Swipe right if you like. Swipe left if you don’t. Mallzee, a ‘personal shopper’ for iOS, has a Tinder-esque UI, underpinned by its own recommendation engine, to make clothes shopping simple, efficient and fun.

But it also has a clever social twist. The app lets you share the item you intend to buy with friends. If the consensus is a thumbs-down, Mallzee will actually prohibit you from making a purchase — the buy button becomes disabled — helping to avoid any potential fashion faux pas.

Initially targeting the UK and Ireland, the app’s database lets you search 2 million products from around 200 major brand fashion retailers, such as ASOS, Urban Outfitters, and Forever 21. You start off by selecting the category of clothing you’re interested in purchasing, and specify things like colour, price range and originating store. Then the right swipe, left swipe modus operandi kicks in, helping Mallzee create what it calls your “style-graph”.

Find an item of clothing you like? It’s at this point that you get to solicit feedback from friends and the gamification begins. As Mallzee founder and CEO Cally Russell explains, “if your friends vote an item down then we block the buy button so you can’t buy it. You can, though, chat to them and try to convince them to change their vote. If it’s a draw we’ll still let you buy.”

black-iphone-discoveryIt’s also a feature that Russell says the UK startup has been internally calling its “boyfriend feature”. “It’s a way for people’s girlfriends to stop them buying awful clothes,” he adds.

As stereotypical (and, perhaps, unfortunate) as that use-case example may be, the app’s social angle is certainly noteworthy since nobody has really nailed the social shopping experience online.

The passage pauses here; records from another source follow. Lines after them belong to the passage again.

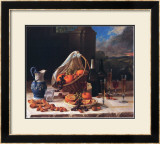 Luncheon Still Life Prints by John F. Francis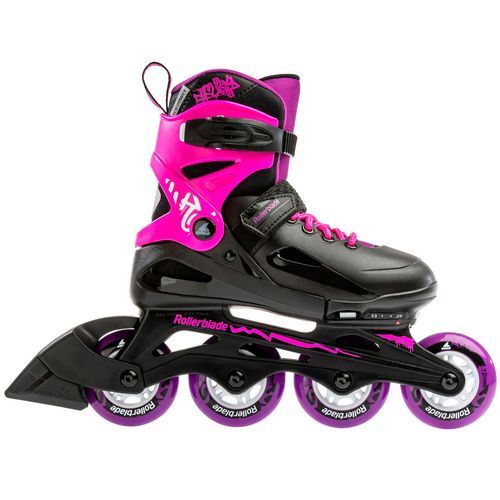 Patin Rollers Rollerblade Fury Extensible Niños Niñas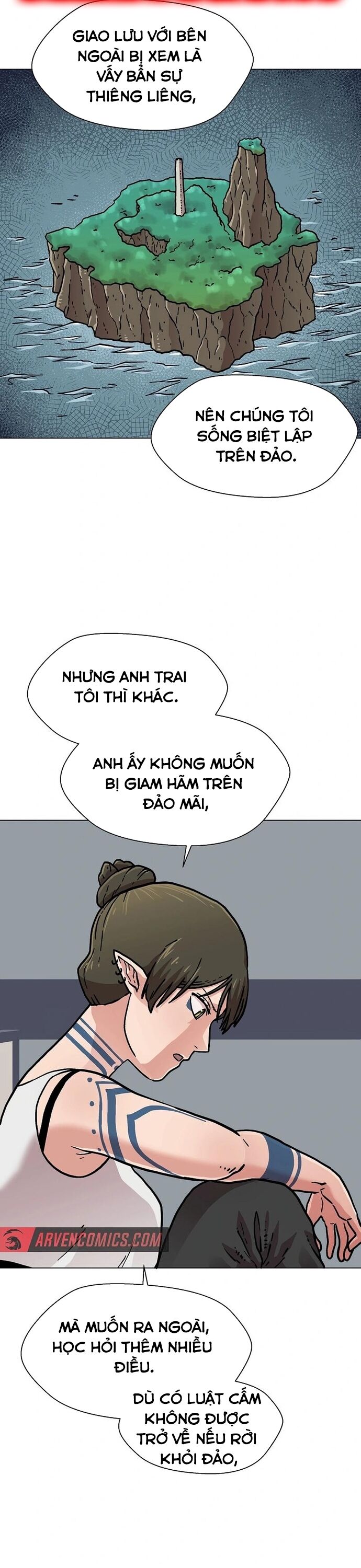 Cánh Cổng Asura Chapter 23 - Trang 2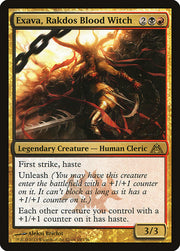 Exava, Rakdos Blood Witch front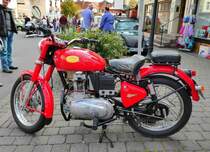 =SOMMER Diesel, ausgestellt beim Sockenmarkt in Lauterbach, 09-2018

“We don’t think social is about following people you don’t know, sharing with thousands of people or pinning your aspirations,” says Russell. “To us social is about enabling people to have meaningful conversations with the people that matter. That’s why our users can share clothes only with friends using the app and have conversations with people they know. If those friends vote that you shouldn’t buy something then you can’t!”

In other words, Mallzee could be about to conjure up the fashion police in all of us. However, each time you are allowed to push the buy button, the startup will also get paid. It earns affiliate revenue generated from each purchase.